= Declaration (law) =

Authoritative establishment of fact by a court of law

In law, a declaration is an authoritative establishment of fact. Declarations take various forms in different legal systems.
==Canon law==

In the canon law of the Catholic Church, a declaration of nullity, (commonly called an annulment and less commonly a decree of nullity) is authoritative judgment on the part of an ecclesiastical tribunal juridically establishing the fact that a marriage was invalidly contracted or, less frequently, a judgment juridically establishing the fact that an ordination was invalidly conferred. It does not dissolve a valid bond of marriage, but it is merely a factual declaration of the nullity of the bond.

==Common law==

In common law, a declaration ordinarily refers to a judgment of the court or an award of an arbitration tribunal that is a binding adjudication of the rights or other legal relations of the parties which does not provide for or order enforcement. Where the declaration is made by a court, it is usually referred to as a declaratory judgment. Less commonly, where declaratory relief is awarded by an arbitrator, it is normally called a declaratory award.

Declaratory relief is most commonly seen in two particular circumstances:
1. applications for declarations of legitimacy, in family and probate legal proceedings; and
2. under insurance policies, for a determination of whether a peril is covered by a particular policy.

==European Union law==

Applications for declaratory relief in other areas have become more widespread, particularly in Europe. A key feature in relation to this development has been the Brussels and Lugano Conventions on civil jurisdiction and judgments relating to members of the European Economic Area (EEA). In certain circumstances, jurisdiction is awarded under the conventions to the courts first seised of the matter. This has led to a rise in defendants taking pre-emptive action by seeking "declarations of non-liability" in a race to the courthouse to ensure that they choose the court first seized rather than waiting for the claimant to do so.

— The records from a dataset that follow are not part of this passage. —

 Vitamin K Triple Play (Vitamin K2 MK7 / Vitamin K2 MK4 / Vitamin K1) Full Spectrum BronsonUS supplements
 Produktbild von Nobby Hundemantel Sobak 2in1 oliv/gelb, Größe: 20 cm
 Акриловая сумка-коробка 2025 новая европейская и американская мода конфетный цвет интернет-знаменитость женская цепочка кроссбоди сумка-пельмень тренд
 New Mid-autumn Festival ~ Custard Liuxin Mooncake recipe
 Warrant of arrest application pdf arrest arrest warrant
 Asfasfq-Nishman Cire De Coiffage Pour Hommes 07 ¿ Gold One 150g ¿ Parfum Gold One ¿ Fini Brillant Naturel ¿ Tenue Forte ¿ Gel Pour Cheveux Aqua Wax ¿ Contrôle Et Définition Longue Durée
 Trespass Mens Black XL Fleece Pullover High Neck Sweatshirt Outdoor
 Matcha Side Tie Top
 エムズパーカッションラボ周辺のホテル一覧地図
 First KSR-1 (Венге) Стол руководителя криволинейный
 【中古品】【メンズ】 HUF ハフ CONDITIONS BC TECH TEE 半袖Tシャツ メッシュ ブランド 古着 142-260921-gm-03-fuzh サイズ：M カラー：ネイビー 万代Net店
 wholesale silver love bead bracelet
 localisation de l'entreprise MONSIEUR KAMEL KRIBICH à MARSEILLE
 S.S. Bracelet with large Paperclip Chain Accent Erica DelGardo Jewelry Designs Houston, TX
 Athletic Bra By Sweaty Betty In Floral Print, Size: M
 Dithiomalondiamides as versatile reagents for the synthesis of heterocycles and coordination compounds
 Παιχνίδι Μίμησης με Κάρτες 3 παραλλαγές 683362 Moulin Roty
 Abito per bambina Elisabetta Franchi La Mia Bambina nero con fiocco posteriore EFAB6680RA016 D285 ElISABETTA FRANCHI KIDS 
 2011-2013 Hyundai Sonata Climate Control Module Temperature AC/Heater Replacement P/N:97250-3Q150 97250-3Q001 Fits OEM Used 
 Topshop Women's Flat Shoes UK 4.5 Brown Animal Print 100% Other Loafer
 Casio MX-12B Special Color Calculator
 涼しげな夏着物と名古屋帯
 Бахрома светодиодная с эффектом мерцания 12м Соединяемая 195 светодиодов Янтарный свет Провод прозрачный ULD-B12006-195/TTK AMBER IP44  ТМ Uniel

==Declaratory legislation==
An act of parliament or other statute is declaratory if it purports to state authoritatively what is the current state of affairs. By contrast, most statutes are positive law, purporting to order a future state of affairs. In linguistic terms, declaratory legislation is indicative whereas positive law is performative. Two acts of the Parliament of Great Britain asserting its right to legislate for other jurisdictions are commonly called "the Declaratory Act": one in 1719 relating to the Kingdom of Ireland, and another in 1766 relating to the Thirteen Colonies. The "Declaratory Articles" of the Church of Scotland likewise mean to define a status that already existed.

==Other legal uses==
Declaration is used (sometimes rendered as a verb) in other ways in certain legal systems.
- In some legal systems, an unsworn declaration under penalty of perjury may be used in lieu of an affidavit to submit a witness's written testimony to a court.
- In relation to companies, declaration is the first step in relation to distribution and payment of dividends.
- In trust law, a settlor who declares that he holds certain property on trust is said to make a declaration of trust.
- Dying declarations are an exception to the rule against hearsay in many legal systems.
- Declarations against interest are also an exception to the rule against hearsay in many legal systems.
- A formal declaration of default is required to enforce creditors' security rights in some legal systems.
- An interpretative declaration is a formal note made by a state upon ratifying a treaty clarifying the state's interpretation of the treaty.